Member of the Illinois House of Representatives
- In office 1824–1826

Member of the Illinois Senate
- In office 1826–1834

Member of the Illinois House of Representatives
- In office 1838–1842

Member of the Illinois House of Representatives
- In office 1860–1862

Personal details
- Born: January 30, 1793 Scott County, Kentucky, U.S.
- Died: August 9, 1870 (aged 77) Marshall, Illinois, U.S.
- Party: Republican; Whig;
- Conflicts: Black Hawk War

= William Beatty Archer =

American politician

William Beatty Archer (January 30, 1793 - August 9, 1870) was an Illinois politician and businessman. Archer was a member of the Illinois General Assembly from 1825 until 1843, during which time he also served on the state Board of Canal Commissioners and unsuccessfully ran for higher office twice.
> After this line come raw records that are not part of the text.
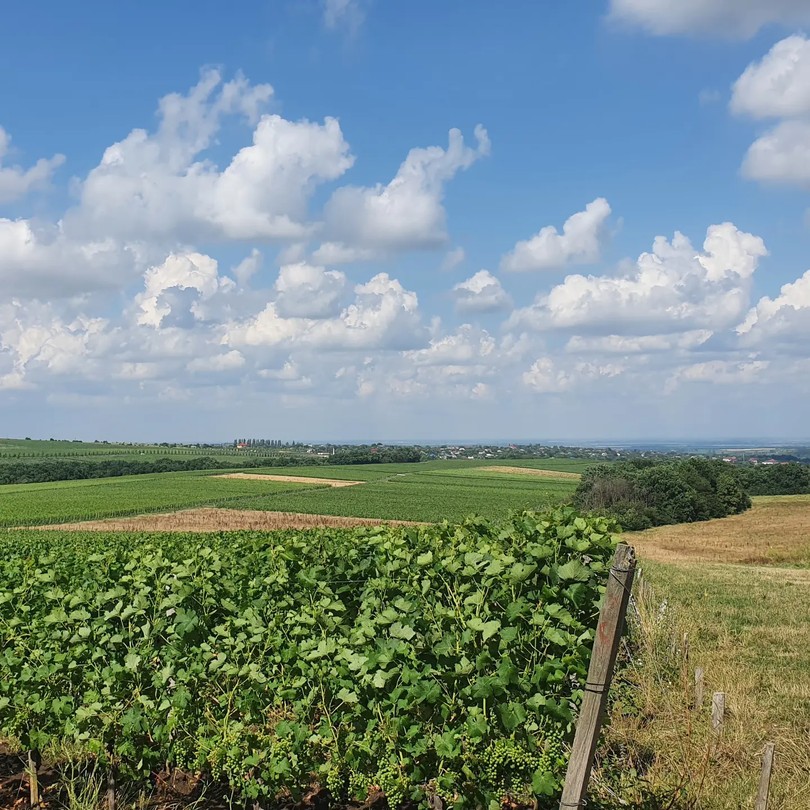 Прекрасная экскурсия на винодельню. Очень отзывчивый гид. Невероятная дегустация прекрасного вина. Вообщем то понравилось абсолютно все.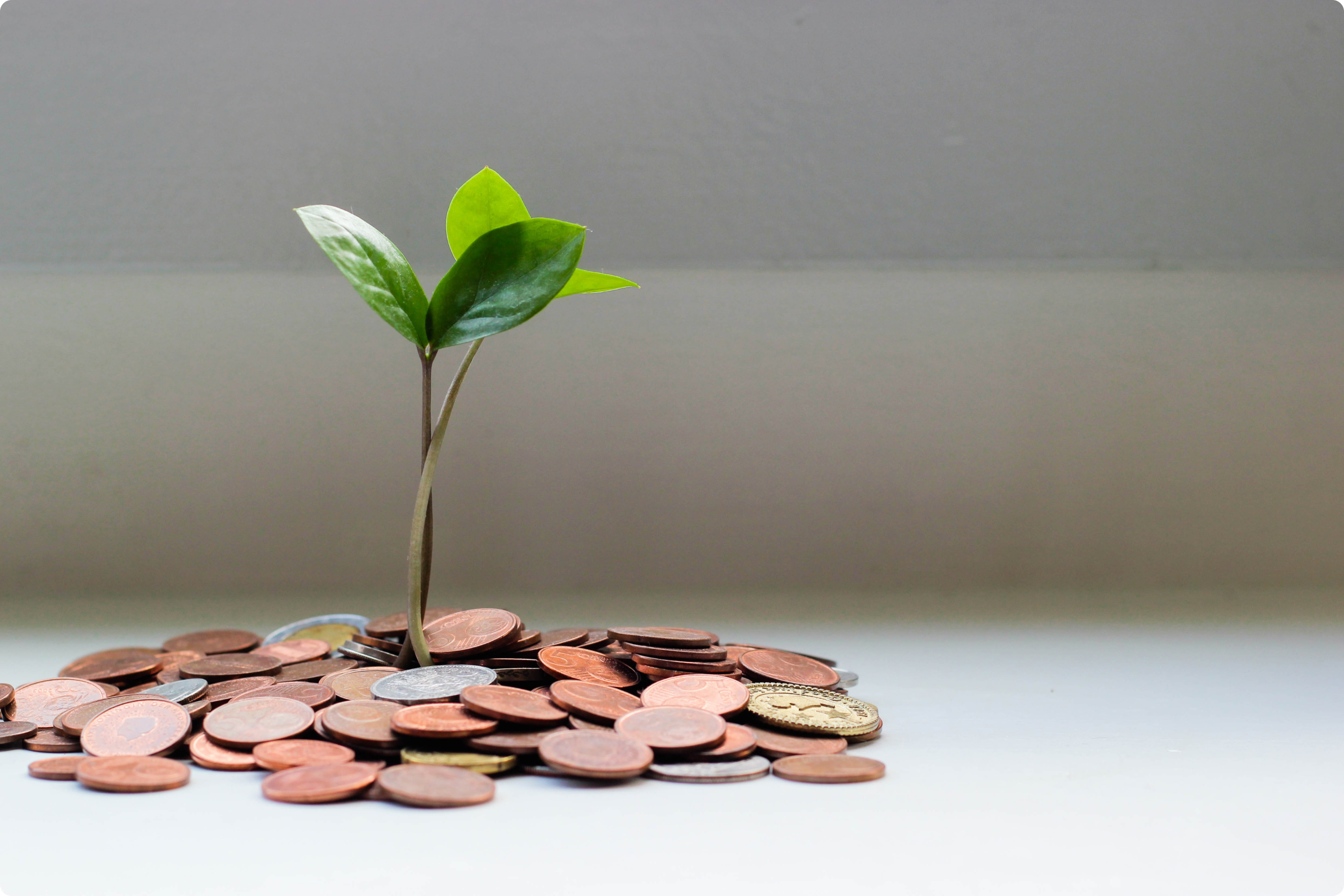 Ahorro de recursos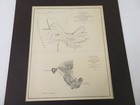 1851 Us Coast Survey Map   Columbia River Cape Dissapointment Oregon Washington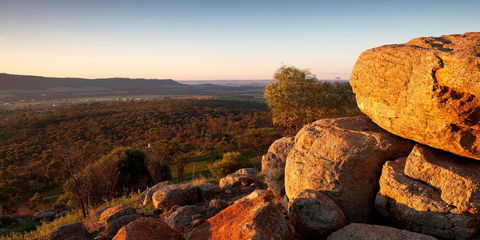 Mount Brown Lookout - C Tourism 0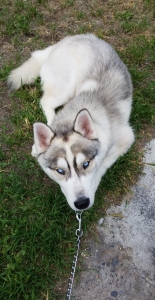 Siberian Husky stud Listing Image
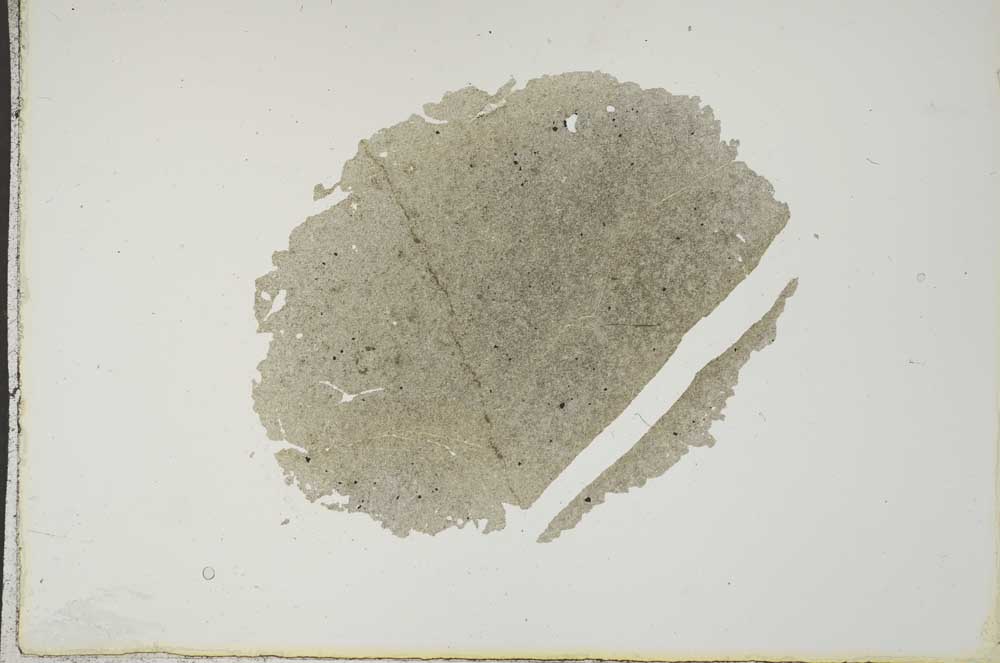 Plane Polarized, S17401/B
He also founded the city of Marshall, Illinois, was a captain in the Black Hawk War, and supported Abraham Lincoln's vice presidential nomination at the first Republican National Convention in 1856.

==Early life==
Born in Scott County, Kentucky, Archer moved to Illinois with his family in 1817, settling on a farm in modern-day Clark County.

==Career==
After Clark County was formed in 1819, Archer briefly served on the county's commissioners' court and circuit court before being elected to the Illinois House of Representatives in 1824. He continued to serve in the General Assembly until 1843, with terms in both the House of Representatives and the Illinois Senate. He ran for a Congressional seat in 1832 and lieutenant governor in 1834, though he lost both races. In 1836, he was named to the state's Board of Canal Commissioners, which oversaw the construction of the Illinois & Michigan Canal.

During the Black Hawk War in 1832, Archer served as a militia captain. He founded the city of Marshall, Illinois in 1835 along with Joseph Duncan; the new town was at the intersection of the National Road and a state road linking Chicago with Vincennes, Indiana. Archer also built the Archer House Hotel in Marshall, which was one of the first businesses and most prominent early buildings in the new city. Abraham Lincoln befriended Archer during their time serving together in the legislature, and he often visited Marshall and stayed in Archer's hotel.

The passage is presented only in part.